Natalie Portman, pregnant and all, won the Best Actress Award for Black Swan at the Oscar’s this week and she definitely deserved it. The Oscars love women who play psychos (Kathy Bates won for Misery, Glenn Close was nominated for Fatal Attraction) or change their appearance (usually from beautiful to ugly). In Black Swan, Portman plays Nina Sayers, a ballerina competing to be the star (Swan Queen and her alter-ego the Black Swan) of her company’s production of Swan Lake. She battles the other not so lady-like ballerinas, her lascivious instructor Thomas (Cassell), her overbearing and also mentally-off mother (Hershey) and her own inner demons (only vague references to where those come from).

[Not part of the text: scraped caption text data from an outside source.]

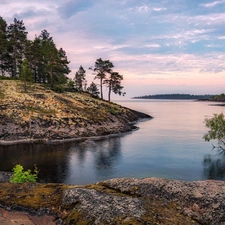 rocks, lake, viewes, pine, trees, scarp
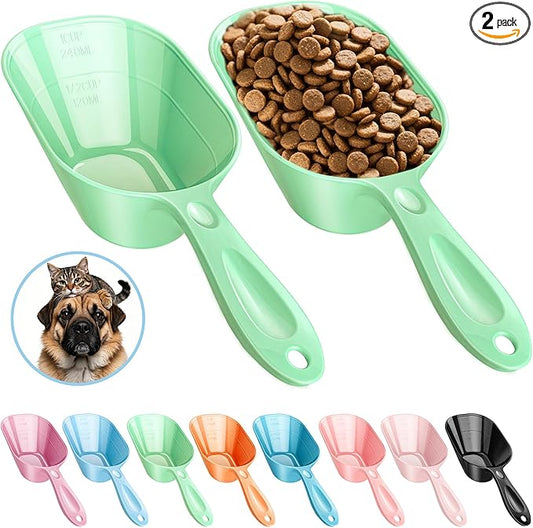 Fenenik Pet Food Scoop 2 Pack, Dog Cup Capacity Cat Food Scooper With Measuring Lines For Dog, Puppy and Cat Coffee Bean, Flour Scoop Light Green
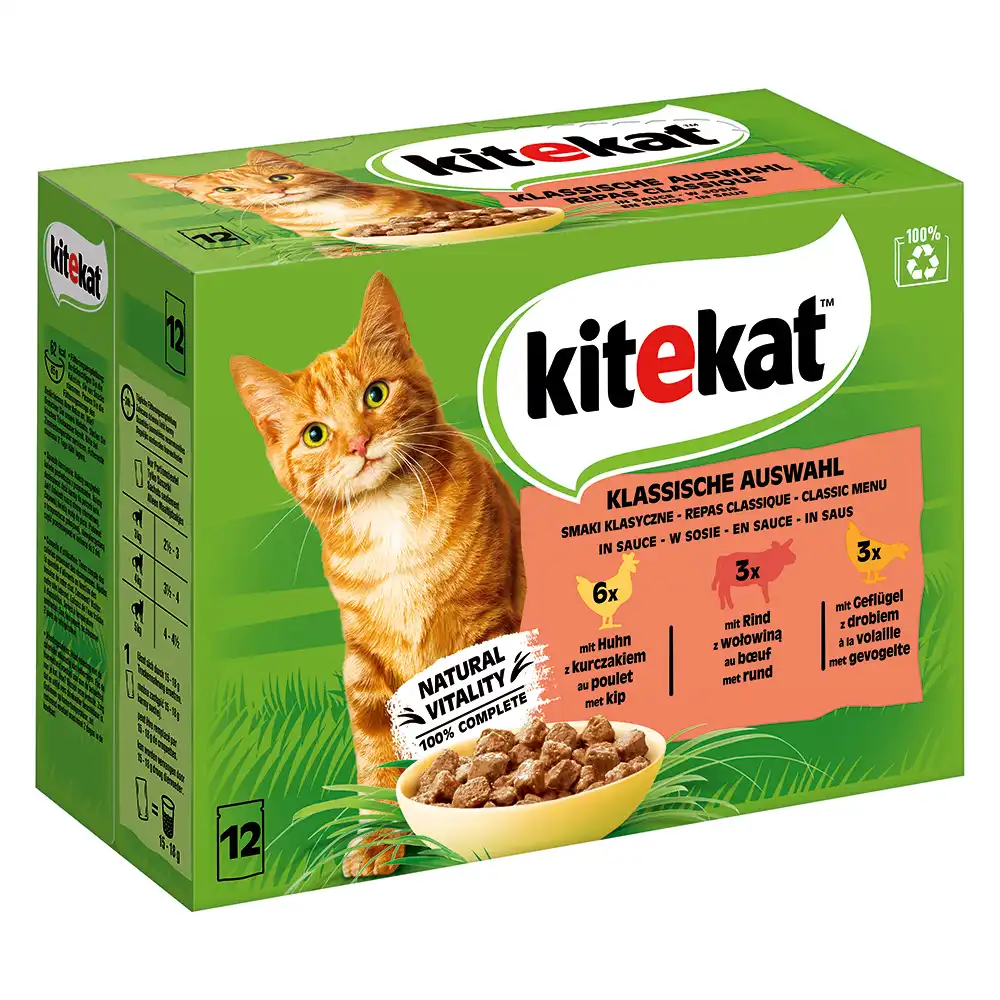 Kitekat en sobres 48 x 100 g - Pack Ahorro - Selección clásica en salsa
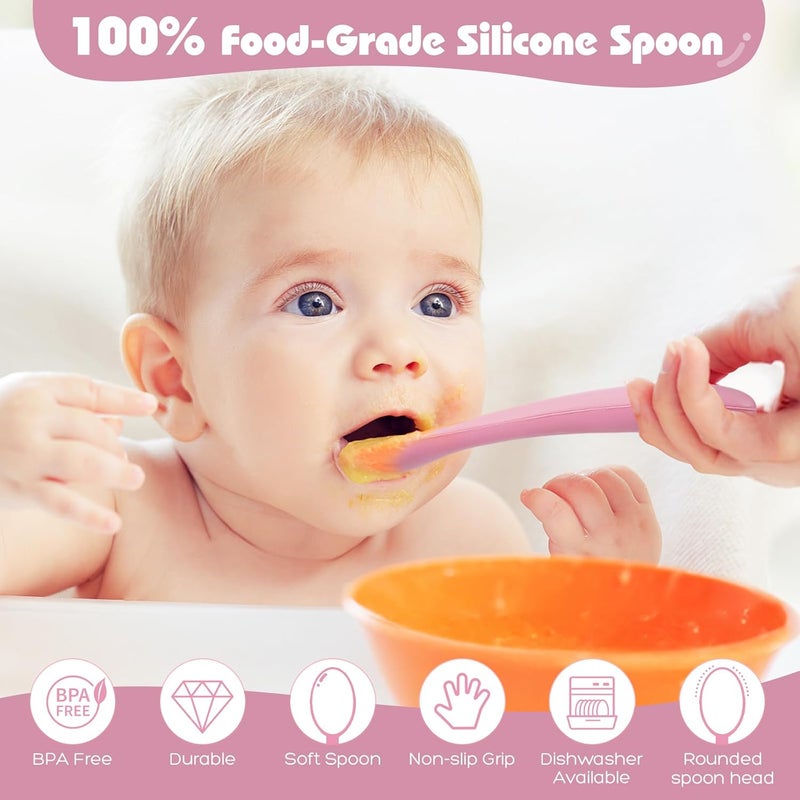 ME.FAN MEFAN Silicone Baby Spoons  6 Pack Feeding Spoons for First Stage Baby  Infant Toddlers Bright Color - Image 4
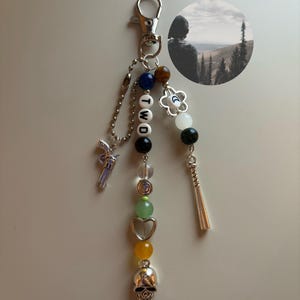TWD the walking dead inspired handmade beaded and charmed keychain/carabiner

Thomas wants Nina to overcome her lack of confidence and break loose. He tries to inspire her with sexual advances even telling her to touch herself, which she does (censors have left some bits intact). But her self-destructive alter-ego, her own Black Swan at it were, doesn’t want young Nina to shine. Nina sees herself in others, at times as someone else in a mirror staring her down and at times as someone scratching her till she bleeds. For effect, director Aronofsky (Requiem For A Dream) uses visual effects to create the illusion of a demon within Nina, trying to break out and perchance give her the chance at perfection she so longs for.

Music by Clint Mansell adds to the eeriness and drama of the horrific events in the film. There are scenes played out that will send a chill down your spine but then you realise later they are but figments of Nina’s psychosis. Or are they the demon’s work?

I have to admit though there are times during the film you’ll wonder what the hell is going on. Where is the motivation or the reasoning behind all the madness on display? There’s no background information except for the domineering mother to explain Nina’s hallucinations and violent tendencies. So you may find it a bit boggling.

Mila Kunis as Lily, the new entrant to the company is deliciously sexy and bubbly thus balancing out a somewhat crazy screenplay with a dose of humour and sassiness. More of her would have been nice.

Black Swan takes something inherently beautiful (ballet) and innocent (swans) and turns it on its head. It’s sort of like taking clowns that kill (I know people who are scared to death of them) or unicorns that eat puppies. And in that paradox is where this film gets its unique albeit macabre charm.